[docs] update internmanip docs

HanqingWangAI · HanqingWangAI · commit 1043744a4092 · 2025-08-01T03:14:01.000Z
diff --git a/source/en/user_guide/internmanip/contribute_guide.md b/source/en/user_guide/internmanip/contribute_guide.md
@@ -0,0 +1,104 @@
+# 🤝 Contribute Guide
+
+We welcome all kinds of contributions to **InternManip** — not just code! Whether you’re improving documentation, reporting issues, adding new datasets or policies, or simply helping others in the community, your effort is highly valued and appreciated.
+
+
+
+## 🚀 Ways to Contribute
+
+There are many ways to get involved with InternManip:
+
+- 🔧 Fix bugs or address issues in the codebase.
+- 🧠 Implement new manipulation models or dataset loaders.
+- 🧪 Add new simulation benchmarks or evaluation tasks.
+- 📚 Improve the documentation or add tutorials and usage examples.

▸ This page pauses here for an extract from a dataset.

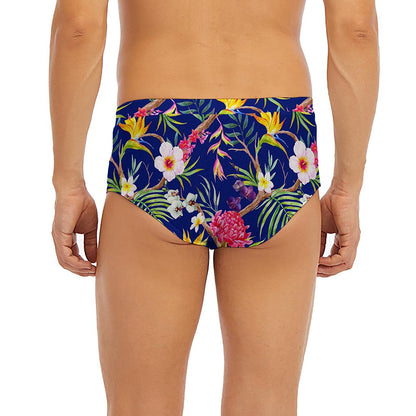 Watercolor Tropical Flower Pattern Print Men's Briefs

+- 🐞 Report bugs and suggest new features via GitHub Issues.
+- 💬 Reach out on our [Discord](https://discord.gg/5jeaQHUj4B) or via [WeChat](https://cdn.vansin.top/taoyuan.jpg) to discuss contributions or get help.
+
+If you’re not sure how to contribute, feel free to open an issue to ask questions or discuss ideas!
+
+
+## 📝 Submitting Issues or Feature Requests
+
+### 🐛 Did You Find a Bug?
+
+Thanks for helping us improve InternManip! To report a bug:
+
+1. First, check if the issue has already been reported via the [GitHub Issues](https://github.com/InternRobotics/InternManip/issues) page.
+2. If not, create a new issue and include:
+   - Your OS, Python version, and PyTorch version.

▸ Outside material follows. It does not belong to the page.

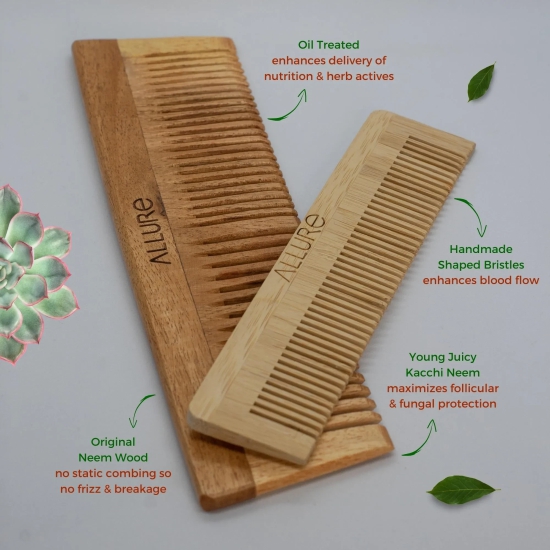 Allure Neem Wood Regular and Pocket Hair Combs (CB-01+CR-01)-2Pcs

+   - A short code snippet that reproduces the bug (ideally under 30s).
+   - The full error traceback.
+   - Any other useful information (e.g., screenshots).
+
+### ✨ Want to Request a New Feature?
+
+When requesting a new feature, please try to:
+
+- Explain the **motivation**: what problem are you solving or what project needs it?
+- Describe the **proposed feature** and its impact.
+- Include code snippets, diagrams, or links to papers (if applicable).
+
+
+## 🧩 Adding a New Dataset, Model, or Benchmark
+
+We encourage contributions that extend InternManip to new domains!
+Below are quick links to common scenarios:
+
+
+- ✍🏻 [How to customize your own model?](quick_start/add_model.md)
+- 📦 [How to import a new dataset?](quick_start/add_dataset.md)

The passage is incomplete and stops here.